DATA FOR ANALYSIS Block Start

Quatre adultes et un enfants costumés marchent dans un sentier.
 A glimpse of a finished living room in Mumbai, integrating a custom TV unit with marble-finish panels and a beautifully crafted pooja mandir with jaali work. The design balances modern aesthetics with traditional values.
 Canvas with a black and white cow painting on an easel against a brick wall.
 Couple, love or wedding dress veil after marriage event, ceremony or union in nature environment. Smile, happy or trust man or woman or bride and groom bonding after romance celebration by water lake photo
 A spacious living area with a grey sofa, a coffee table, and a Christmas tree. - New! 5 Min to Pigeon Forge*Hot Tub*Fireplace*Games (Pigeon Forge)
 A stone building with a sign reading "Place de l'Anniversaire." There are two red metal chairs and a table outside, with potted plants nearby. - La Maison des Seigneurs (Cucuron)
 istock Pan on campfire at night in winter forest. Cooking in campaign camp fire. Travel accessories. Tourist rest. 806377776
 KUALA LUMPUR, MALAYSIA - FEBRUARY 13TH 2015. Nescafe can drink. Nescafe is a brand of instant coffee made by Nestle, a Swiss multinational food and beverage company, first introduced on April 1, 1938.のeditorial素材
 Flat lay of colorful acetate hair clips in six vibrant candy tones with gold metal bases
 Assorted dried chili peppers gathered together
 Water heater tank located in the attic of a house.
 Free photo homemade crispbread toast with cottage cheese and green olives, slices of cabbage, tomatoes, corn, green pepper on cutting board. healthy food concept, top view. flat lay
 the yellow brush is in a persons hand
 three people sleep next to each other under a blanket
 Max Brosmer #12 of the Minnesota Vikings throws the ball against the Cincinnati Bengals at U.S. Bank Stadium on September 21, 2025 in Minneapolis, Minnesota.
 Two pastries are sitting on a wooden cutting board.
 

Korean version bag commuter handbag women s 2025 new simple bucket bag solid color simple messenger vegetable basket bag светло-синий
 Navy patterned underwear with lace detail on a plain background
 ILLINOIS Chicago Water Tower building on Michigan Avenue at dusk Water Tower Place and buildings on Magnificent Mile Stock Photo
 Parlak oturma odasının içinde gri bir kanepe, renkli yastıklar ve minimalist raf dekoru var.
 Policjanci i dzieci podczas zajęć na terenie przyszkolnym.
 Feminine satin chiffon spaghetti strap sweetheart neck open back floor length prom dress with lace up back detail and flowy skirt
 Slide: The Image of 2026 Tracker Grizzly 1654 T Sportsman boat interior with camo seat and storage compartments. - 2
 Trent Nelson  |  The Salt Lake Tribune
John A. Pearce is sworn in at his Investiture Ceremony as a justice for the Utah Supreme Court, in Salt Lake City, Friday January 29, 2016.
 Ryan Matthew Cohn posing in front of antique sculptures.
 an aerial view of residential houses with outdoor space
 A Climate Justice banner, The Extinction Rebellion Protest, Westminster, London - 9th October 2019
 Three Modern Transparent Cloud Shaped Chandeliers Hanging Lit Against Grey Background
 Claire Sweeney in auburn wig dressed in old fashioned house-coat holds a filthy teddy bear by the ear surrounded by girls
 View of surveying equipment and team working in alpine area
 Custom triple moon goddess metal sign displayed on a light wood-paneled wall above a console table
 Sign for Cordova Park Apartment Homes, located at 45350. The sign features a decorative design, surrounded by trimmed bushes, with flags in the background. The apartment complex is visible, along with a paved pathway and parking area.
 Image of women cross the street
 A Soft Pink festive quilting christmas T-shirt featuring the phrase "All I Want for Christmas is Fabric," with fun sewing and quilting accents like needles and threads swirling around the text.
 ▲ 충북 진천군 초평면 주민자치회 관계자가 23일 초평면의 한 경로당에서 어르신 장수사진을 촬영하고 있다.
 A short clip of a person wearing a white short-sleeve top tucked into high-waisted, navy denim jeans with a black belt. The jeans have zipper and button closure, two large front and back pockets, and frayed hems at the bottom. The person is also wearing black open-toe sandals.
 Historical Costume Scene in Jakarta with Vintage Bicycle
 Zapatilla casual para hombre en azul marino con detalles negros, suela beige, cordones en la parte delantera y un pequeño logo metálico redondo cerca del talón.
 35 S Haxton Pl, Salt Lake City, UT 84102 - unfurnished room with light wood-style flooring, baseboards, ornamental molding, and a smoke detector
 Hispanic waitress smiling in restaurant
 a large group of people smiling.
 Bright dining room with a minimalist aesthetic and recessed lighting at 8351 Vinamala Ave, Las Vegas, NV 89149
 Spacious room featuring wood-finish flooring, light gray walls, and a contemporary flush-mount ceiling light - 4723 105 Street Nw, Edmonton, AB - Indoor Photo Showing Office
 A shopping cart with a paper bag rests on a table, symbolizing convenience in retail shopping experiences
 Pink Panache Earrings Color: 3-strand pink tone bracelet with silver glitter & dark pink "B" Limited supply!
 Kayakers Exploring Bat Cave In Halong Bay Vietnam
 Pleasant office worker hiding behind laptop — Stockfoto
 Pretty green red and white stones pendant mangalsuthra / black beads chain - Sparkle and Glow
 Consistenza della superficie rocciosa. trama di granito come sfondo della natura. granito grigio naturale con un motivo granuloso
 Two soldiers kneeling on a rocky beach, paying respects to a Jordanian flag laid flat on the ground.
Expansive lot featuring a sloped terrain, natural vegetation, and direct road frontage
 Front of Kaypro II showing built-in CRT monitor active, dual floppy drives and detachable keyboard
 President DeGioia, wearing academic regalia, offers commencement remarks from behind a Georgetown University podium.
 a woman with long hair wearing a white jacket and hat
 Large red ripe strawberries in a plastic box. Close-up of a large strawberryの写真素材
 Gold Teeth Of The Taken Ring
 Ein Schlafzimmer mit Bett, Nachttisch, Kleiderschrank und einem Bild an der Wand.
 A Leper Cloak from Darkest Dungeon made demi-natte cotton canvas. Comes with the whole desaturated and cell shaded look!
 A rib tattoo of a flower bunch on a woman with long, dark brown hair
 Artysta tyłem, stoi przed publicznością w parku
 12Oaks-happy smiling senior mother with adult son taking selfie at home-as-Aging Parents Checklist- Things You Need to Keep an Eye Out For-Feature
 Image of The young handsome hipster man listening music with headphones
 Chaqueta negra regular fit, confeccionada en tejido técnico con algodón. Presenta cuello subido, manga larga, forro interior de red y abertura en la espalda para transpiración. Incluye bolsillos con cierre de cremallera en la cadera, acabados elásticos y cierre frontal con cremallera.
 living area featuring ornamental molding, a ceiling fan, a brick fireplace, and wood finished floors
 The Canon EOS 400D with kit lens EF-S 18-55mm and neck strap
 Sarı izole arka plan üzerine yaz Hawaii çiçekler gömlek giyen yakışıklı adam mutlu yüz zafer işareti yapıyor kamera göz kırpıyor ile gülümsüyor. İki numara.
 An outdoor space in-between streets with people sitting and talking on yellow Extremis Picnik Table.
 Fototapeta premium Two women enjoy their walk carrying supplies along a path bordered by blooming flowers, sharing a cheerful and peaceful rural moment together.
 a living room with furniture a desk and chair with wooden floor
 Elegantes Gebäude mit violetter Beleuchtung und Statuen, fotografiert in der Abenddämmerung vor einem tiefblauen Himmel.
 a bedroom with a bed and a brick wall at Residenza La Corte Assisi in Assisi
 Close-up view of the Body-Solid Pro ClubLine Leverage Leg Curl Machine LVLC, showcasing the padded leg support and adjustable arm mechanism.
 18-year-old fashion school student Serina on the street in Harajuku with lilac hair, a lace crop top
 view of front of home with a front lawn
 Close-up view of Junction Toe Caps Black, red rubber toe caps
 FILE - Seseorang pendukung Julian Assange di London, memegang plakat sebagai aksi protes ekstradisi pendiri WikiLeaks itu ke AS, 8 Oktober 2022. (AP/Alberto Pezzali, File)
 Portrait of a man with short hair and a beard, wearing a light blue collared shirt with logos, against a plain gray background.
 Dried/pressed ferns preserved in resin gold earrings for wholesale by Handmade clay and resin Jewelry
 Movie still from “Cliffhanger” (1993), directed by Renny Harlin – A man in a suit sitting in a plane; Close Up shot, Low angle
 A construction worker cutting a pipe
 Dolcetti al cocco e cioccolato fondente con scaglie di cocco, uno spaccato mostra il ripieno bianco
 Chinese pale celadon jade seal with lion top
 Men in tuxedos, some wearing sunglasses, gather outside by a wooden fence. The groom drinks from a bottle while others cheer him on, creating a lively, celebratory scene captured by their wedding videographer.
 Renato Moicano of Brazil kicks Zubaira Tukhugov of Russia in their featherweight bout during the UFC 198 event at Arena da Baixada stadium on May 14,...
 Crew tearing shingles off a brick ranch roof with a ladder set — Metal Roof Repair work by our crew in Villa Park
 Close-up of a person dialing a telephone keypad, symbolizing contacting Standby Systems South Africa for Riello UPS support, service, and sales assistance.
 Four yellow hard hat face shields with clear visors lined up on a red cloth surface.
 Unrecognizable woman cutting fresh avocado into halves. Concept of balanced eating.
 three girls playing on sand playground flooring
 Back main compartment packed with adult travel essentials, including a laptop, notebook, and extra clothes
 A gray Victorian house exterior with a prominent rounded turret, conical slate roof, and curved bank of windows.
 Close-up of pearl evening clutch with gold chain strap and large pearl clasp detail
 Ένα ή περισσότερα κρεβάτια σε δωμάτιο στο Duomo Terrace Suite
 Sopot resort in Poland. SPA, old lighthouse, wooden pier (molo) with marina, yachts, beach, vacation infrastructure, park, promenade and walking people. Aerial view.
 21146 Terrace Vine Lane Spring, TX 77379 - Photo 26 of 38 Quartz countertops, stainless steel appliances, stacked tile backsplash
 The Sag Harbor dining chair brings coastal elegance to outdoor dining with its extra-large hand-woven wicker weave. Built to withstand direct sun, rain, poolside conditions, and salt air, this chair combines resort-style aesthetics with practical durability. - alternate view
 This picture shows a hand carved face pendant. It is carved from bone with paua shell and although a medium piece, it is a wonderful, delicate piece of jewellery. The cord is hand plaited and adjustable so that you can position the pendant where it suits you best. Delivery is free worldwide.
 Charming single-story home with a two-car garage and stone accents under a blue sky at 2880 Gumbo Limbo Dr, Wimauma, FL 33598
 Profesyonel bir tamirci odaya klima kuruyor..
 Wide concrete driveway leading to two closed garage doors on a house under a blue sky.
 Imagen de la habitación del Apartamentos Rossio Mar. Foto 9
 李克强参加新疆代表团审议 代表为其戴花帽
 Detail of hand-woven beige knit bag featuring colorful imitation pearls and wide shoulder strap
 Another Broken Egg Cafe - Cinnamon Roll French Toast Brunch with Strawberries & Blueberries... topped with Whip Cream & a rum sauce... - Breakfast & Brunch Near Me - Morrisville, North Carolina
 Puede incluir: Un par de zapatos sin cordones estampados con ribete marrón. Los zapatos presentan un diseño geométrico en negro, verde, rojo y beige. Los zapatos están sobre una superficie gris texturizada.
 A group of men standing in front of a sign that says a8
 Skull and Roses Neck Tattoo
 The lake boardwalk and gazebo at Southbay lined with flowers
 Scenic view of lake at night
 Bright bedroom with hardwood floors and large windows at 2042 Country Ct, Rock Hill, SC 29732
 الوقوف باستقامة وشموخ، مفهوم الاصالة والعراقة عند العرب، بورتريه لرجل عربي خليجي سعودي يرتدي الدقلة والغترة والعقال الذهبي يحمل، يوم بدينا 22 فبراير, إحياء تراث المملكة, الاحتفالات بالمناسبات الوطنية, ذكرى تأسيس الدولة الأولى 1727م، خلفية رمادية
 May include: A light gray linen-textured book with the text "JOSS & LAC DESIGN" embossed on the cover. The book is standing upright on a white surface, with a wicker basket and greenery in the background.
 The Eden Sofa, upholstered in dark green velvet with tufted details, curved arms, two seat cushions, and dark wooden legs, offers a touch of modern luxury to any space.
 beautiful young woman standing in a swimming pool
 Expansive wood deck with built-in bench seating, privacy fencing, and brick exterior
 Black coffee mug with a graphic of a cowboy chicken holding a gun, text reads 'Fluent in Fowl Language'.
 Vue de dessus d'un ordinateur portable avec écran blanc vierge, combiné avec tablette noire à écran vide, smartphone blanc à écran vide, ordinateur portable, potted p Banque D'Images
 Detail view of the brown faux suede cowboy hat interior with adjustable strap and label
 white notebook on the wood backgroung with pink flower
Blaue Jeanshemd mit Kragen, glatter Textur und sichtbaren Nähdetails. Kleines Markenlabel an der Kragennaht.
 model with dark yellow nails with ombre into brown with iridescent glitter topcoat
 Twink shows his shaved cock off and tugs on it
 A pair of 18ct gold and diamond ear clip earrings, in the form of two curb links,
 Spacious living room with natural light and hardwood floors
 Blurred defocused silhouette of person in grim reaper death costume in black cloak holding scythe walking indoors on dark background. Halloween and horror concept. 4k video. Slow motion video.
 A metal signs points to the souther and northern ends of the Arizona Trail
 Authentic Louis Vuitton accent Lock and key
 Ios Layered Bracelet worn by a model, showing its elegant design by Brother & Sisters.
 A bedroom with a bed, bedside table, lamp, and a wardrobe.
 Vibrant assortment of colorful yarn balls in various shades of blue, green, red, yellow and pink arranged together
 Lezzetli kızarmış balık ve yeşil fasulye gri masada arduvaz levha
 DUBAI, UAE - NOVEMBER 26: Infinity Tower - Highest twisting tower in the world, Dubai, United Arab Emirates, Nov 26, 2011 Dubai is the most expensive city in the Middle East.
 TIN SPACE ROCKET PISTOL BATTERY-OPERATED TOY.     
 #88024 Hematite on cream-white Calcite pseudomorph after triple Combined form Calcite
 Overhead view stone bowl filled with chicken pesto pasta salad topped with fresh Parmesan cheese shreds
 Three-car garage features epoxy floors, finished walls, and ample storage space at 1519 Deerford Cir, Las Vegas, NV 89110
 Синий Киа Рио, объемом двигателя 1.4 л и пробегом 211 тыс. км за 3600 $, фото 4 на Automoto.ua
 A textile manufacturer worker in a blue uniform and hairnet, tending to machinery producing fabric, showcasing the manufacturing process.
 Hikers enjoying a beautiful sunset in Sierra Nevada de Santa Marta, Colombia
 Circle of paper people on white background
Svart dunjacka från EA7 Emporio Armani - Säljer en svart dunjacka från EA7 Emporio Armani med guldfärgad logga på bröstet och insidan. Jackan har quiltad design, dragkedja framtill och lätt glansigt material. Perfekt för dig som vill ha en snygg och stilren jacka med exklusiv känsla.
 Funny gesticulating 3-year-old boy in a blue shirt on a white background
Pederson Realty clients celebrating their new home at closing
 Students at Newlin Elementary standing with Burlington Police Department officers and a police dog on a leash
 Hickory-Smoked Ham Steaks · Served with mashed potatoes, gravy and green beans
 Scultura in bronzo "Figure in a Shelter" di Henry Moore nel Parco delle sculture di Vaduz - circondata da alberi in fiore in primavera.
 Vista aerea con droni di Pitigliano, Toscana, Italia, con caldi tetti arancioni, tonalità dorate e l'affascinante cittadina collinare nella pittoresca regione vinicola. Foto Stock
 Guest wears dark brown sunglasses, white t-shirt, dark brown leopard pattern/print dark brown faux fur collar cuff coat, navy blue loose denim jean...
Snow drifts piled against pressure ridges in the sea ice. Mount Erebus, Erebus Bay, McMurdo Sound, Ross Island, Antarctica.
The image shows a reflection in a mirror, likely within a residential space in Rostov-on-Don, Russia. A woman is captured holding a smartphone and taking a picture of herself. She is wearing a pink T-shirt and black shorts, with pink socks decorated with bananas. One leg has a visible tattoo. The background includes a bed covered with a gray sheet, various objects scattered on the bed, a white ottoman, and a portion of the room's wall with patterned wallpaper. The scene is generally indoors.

DATA FOR ANALYSIS Block End

WHAT TO DO — Search the records for the word "sitting" and copy every line where it occurs.

RESULT OF THIS TASK —
 Two pastries are sitting on a wooden cutting board.
 An outdoor space in-between streets with people sitting and talking on yellow Extremis Picnik Table.
 Movie still from “Cliffhanger” (1993), directed by Renny Harlin – A man in a suit sitting in a plane; Close Up shot, Low angle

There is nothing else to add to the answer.